Der Schlagabtausch zwischen den Boston Celtics und den Detroit Pistons geht weiter! Nachdem Boston Spiel 4 in Detroit klar mit 75:94 verloren hat, feierte das beste Team der Regular Season im heimischen Garden im 5. Spiel einen 106:102-Erfolg. Damit hat die Mannschaft von Coach Doc Rivers wieder die Führung inne und liegt in der Best-of-Seven-Serie der Eastern-Conference-Finals mit 3:2 vorne.

Dabei drehte das Duo Kevin Garnett und Ray Allen besonders auf. Während KG standesgemäß scorte und sich am Ende über 33 Punkte freuen durfte, bot Allen seine wohl bis dato beste Playoff-Leistung der diesjährigen Postseason. Der 32-Jährige verbuchte 29 Punkte und bewies vor allem in der Crunchtime ein ruhiges Händchen.

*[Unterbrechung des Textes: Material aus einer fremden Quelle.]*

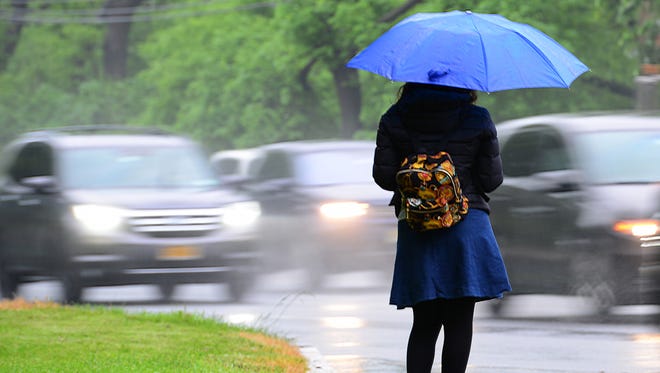 A woman uses an umbrella to shield herself from the rain as she waits for her ride along Route 4 westbound in Teaneck on Thursday May 17, 2018.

Allen stoppt Pistons-Aufholjagd
Nachdem die Pistons eine Minute vor Schluss durch einen 9:2-Run drauf und dran waren, die Partie zu drehen, übernahm Allen Verantwortung. Erst sorgte der Shooting Guard durch einen Treffer für das 102:99, bevor er sechs Sekunden vor dem Ende mit zwei verwandelten Freiwürfen sein Team vorentscheidend mit 104:101 in Führung schoss. Der Matchwinner gab sich nach dem wichtigen Sieg bescheiden: „Ich fühle mich deshalb nicht anders, wie wenn ich zehn Punkte erziele und wir gewinnen. Die größte Freude ist das Gewinnen, egal was ich gemacht habe.“

detroit zum Siegen verdammt
Die Pistons hatten dagegen in Richard Hamilton und Chauncey Billups ihre besten Werfer. Hamilton steuerte 25 Zähler bei, Billups kam auf 26. Nun geht die Serie wieder nach Motor-City und Detroit ist zum Siegen verdammt, um die Final-Träume nicht vorzeitig begraben zu müssen.